THIRD EXAMPLE Tags (%marina, marina): exact name and shorthand return image. (2/2) Parent Tags (_$splatoon2, splatoon 2): only shorthand returns image. (1/2) Grandparent Tags ($splatoon, splatoon): exact name and shorthand return image. (2/2)

Obviously this is a very small dataset, so take my analysis with a grain of salt, but here are the patterns I was able to identify: -Tags with underscores never return the image. -The only instances where searching the exact name of the tag returned the image was with tags that are one word and have no underscores. -Only the shorthand will return the image when searching parent tags.

The main thing that baffles me is how inconsistent the aliases with spaces are. I just have no idea why searching the legend of zelda works, but tears of the kingdom and monster hunter wilds and monster hunter don't. I'm not very familiar with coding, so I don't know what might be causing this, but hopefully this information is helpful for whenever the search function gets revamped.

Expected Behavior

As for the expected behavior, I would expect an image to show up in the search if you search any of its tags, parent tags, or grandparent tags, etc, or if you search any of the shorthands/aliases of those tags, parent tags, or grandparent tags.

Steps to Reproduce

For the steps to reproduce, just create a few tags with parent and grandparent tags and give them shorthands and/or aliases. Maybe experiment with including symbols, underscores, and spaces. Then just tag some images with only the base tags and see whether they show up when you search certain parent tags and aliases.

Logs

No response

CyanVoxel commented 3 months ago

First off thank you so much for the in-depth explanation, this will incredibly helpful for narrowing this down 😁

Some of this seems like it can be attributed to https://github.com/TagStudioDev/TagStudio/issues/112, wherein the search query is split along spaces. So searching for "monster hunter wilds" will be sent as three distinct queries, being "monster", "hunter", and "wilds". This is something that will be fixed down the line, but has slipped by for the time being.

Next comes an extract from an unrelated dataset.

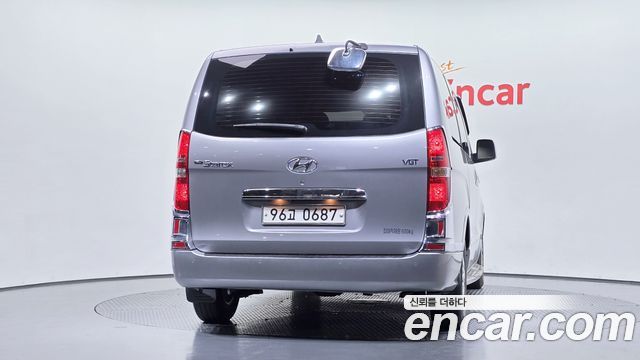 Hyundai Starex Van 5-Seater Modern — пробег 119 575 км — фото 4 из 5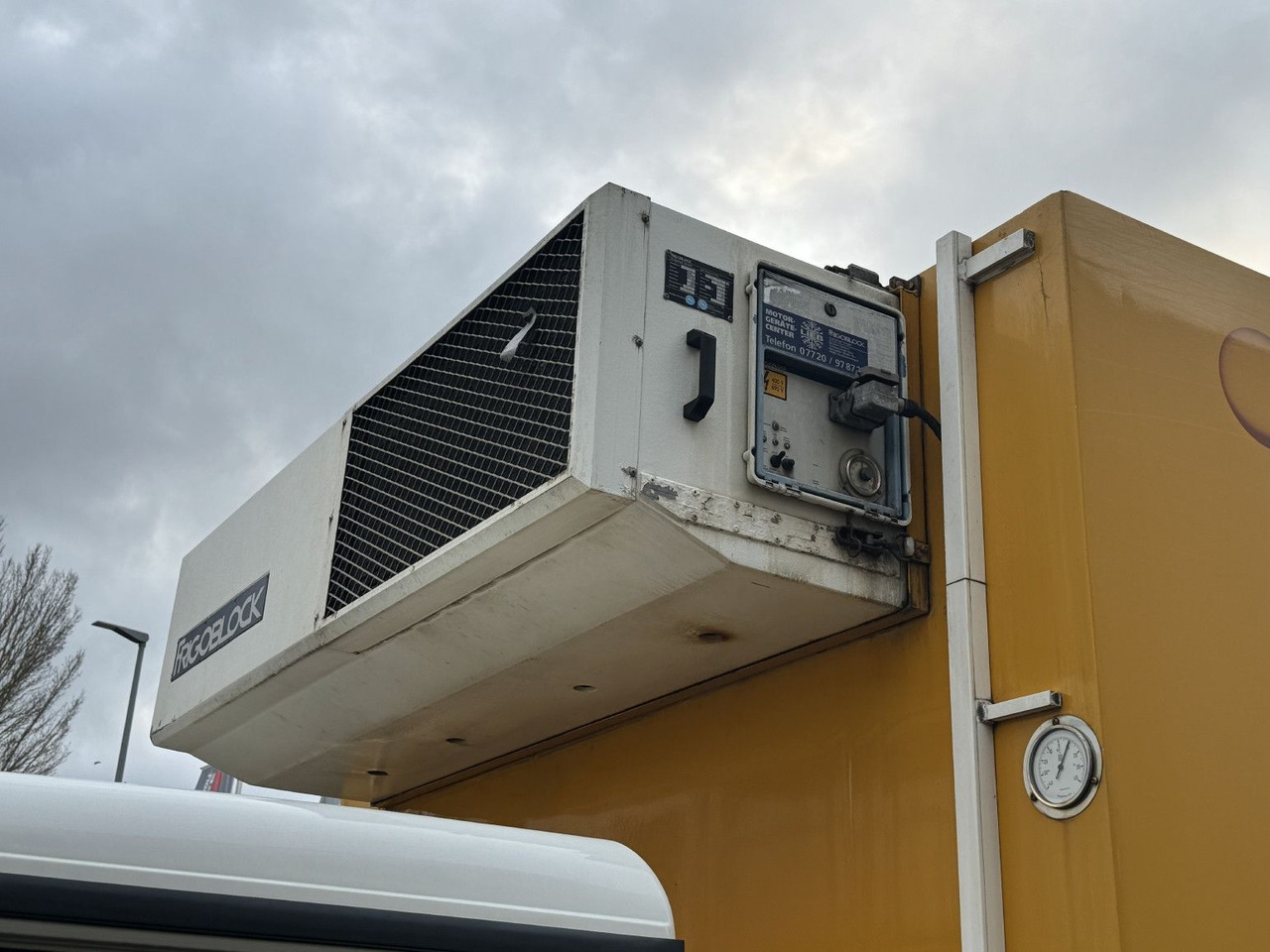 Refrigerator truck MAN TGL 12.250 Tiefkühlkoffer 6m LBW  E6 Klima Autom: picture 18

As for some of the other cases, hmm... In your second example, I would definitely expect the grandparent "$monster_hunter" to return the "%gemma" tag. Likewise in your third example I would also expect "$splatoon_2" to return "%marina". Given that the grandparent tag in your third example somehow works as intended, my guess it that something might be wrong with how underscores are checked in the parser when it comes to tag relations. Behind the scenes, all characters such as underscores, hyphens, spaces, and apostophies are ignored while parsing (this is also responsible for the space bug).

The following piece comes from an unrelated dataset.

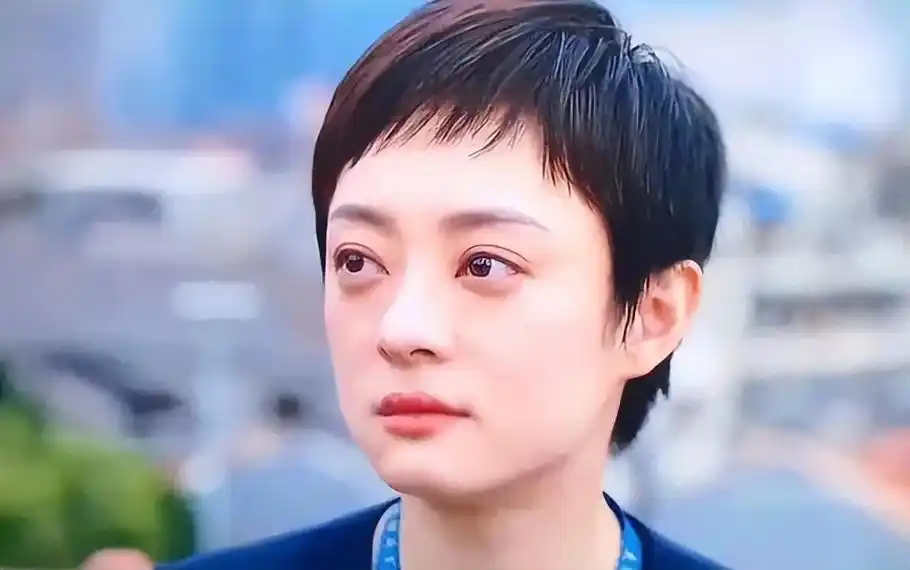 孙俪最新照片出炉,引无数网友哀嚎一片:不!你不是我们的娘娘了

I'll try to replicate this and further narrow in on the cause. Thank you again for the detailed bug report!

Thesacraft commented 2 months ago

Hi I looked into this and I think I know why the bug is happening and CyanVoxel was on the right path :

It is partly due to the space bug, but that for example $tears_of_the_kingdom doesn't show the image taged with %princess_zelda is due to the parser ignoring underscores etc.. This is a problem because the search query is striped of punctuation ( including underscores ) and then the algorithm tries to find the matching tag to the query. For example the search query $tears_of_the_kingdom becomes $tearsofthekingdom but the tag name still is $tears_of_the_kingdom which means that the search is unsucsessfull.

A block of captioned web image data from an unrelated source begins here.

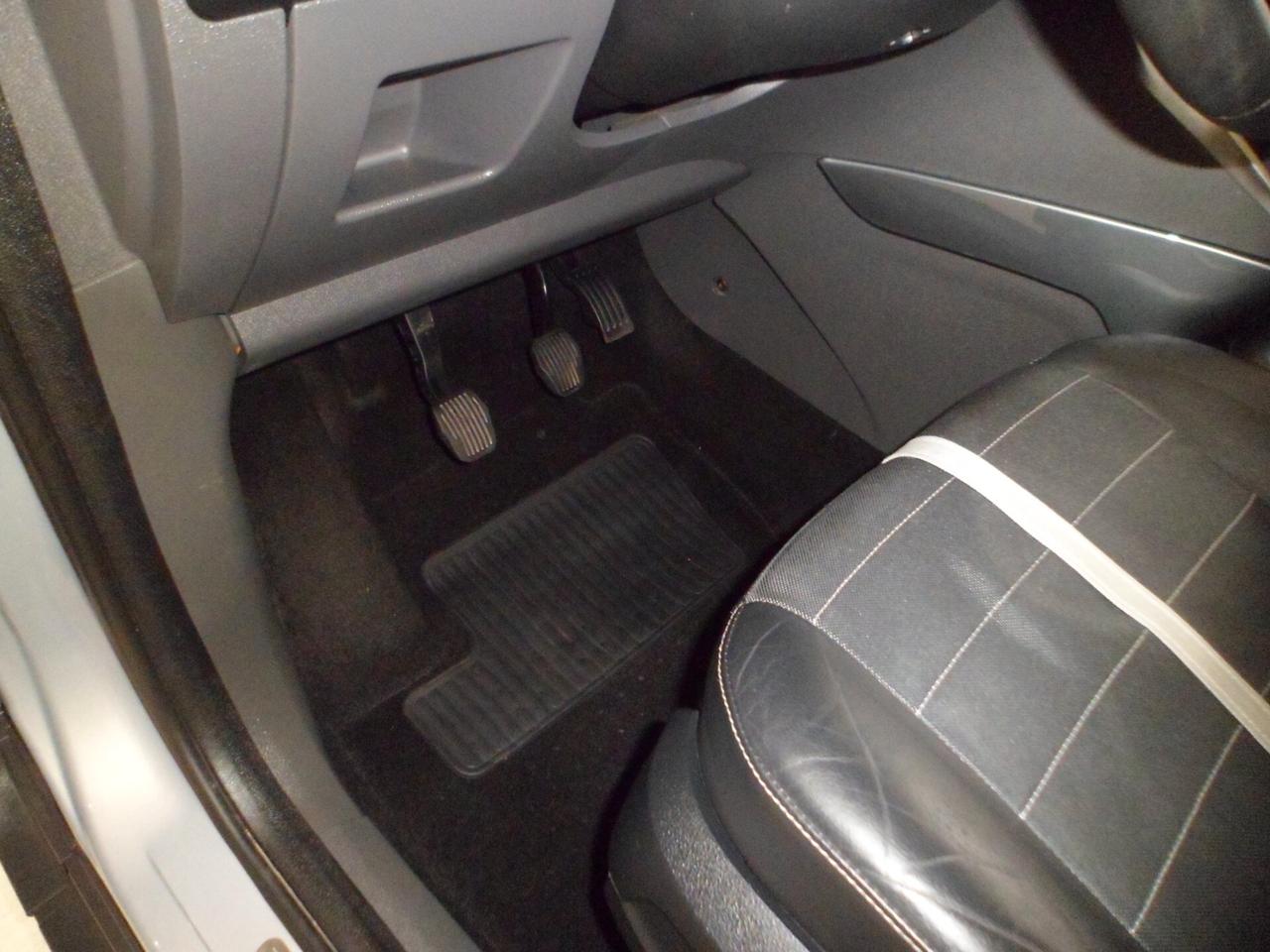 Ford Kuga 2.0 TDCi 163 CV 4WD Titanium 10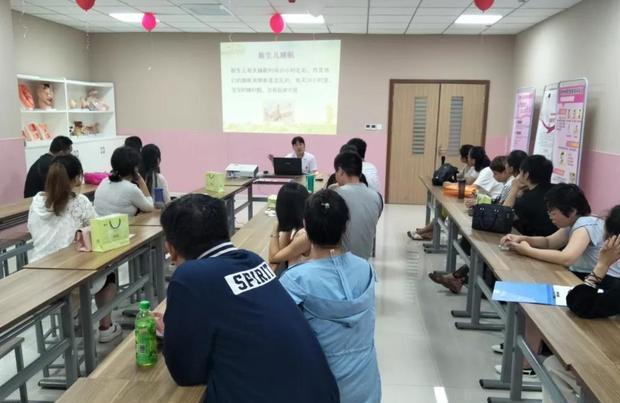 “渣男”宝宝走红，扯下高颜值女医生口罩，网友：真是个好苗子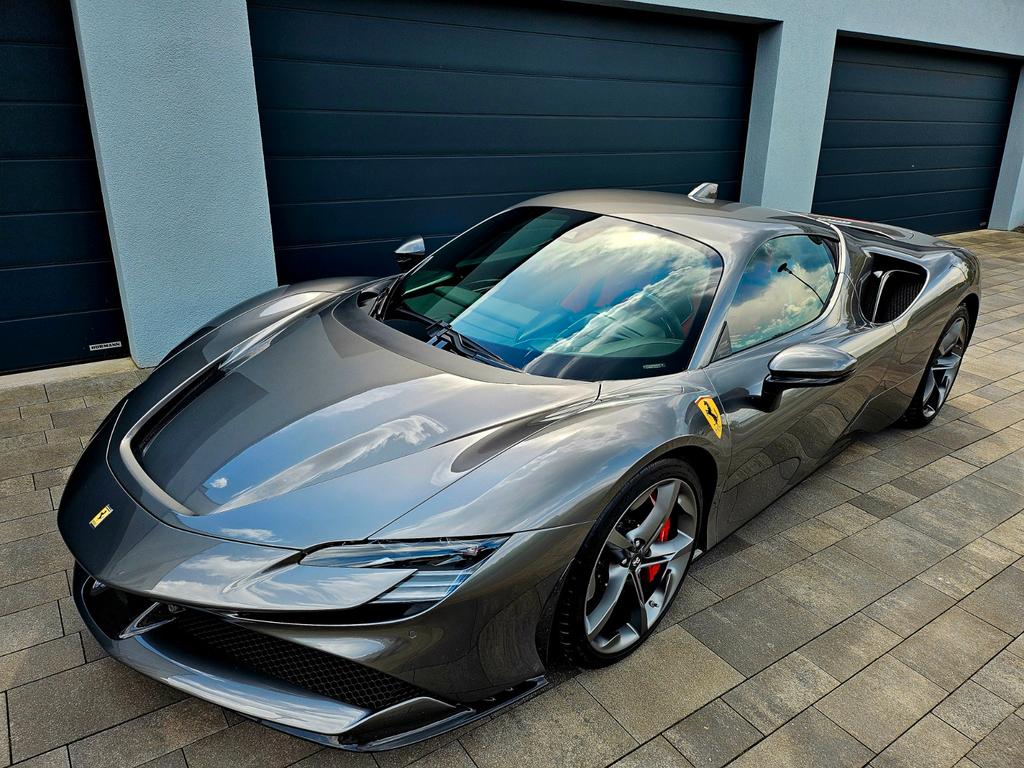 Ferrari SF90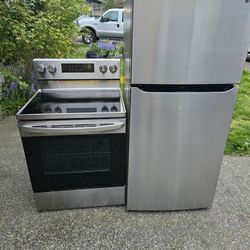 30 Days Warranty (LG Fridge Size 30w 30d 66h And Stove 30w) I Can Help You With Free Delivery Within 10 Miles Distance 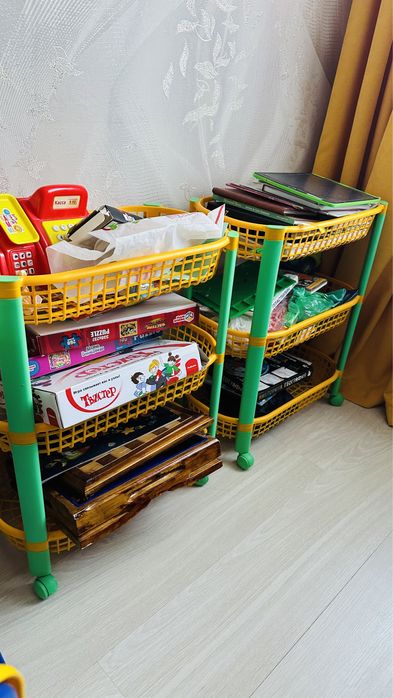 Полка для игрушек на колесиках, столик и стульчик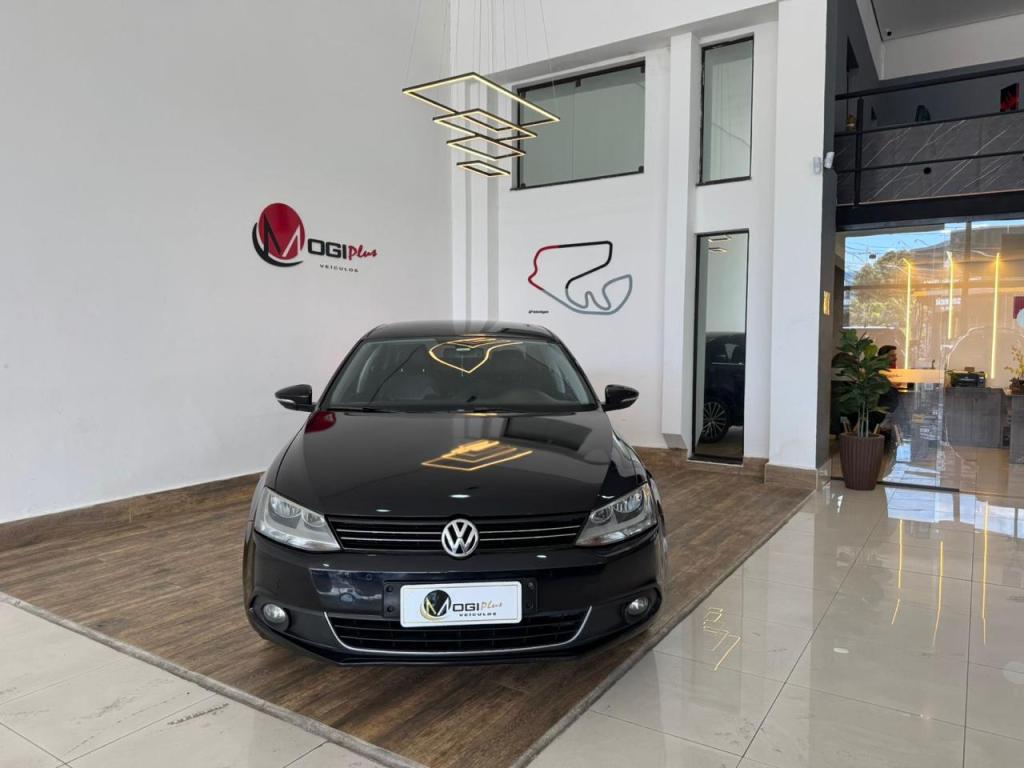 VOLKSWAGEN Jetta - Foto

An easy fix would be to strip the punctuation of tags when they are created but this would also be displayed to the user ( meaning a tag created with the name $tears_of_the_kingdom would have the name $tearsofthekingdom after creation). I think using a striped version for the search part and displaying a non striped version to the user would be a bad idea because it could make it confusing to use and could end up making the code very confusing.

Theoretically #310 also removes this (and the space bug) but it is achieved by not stripping any punctuation at all. Personally I would remove the stripping of underscores regardless of the final solution for the rest because I think it makes it easier to read the tags if you can use underscores to separate words.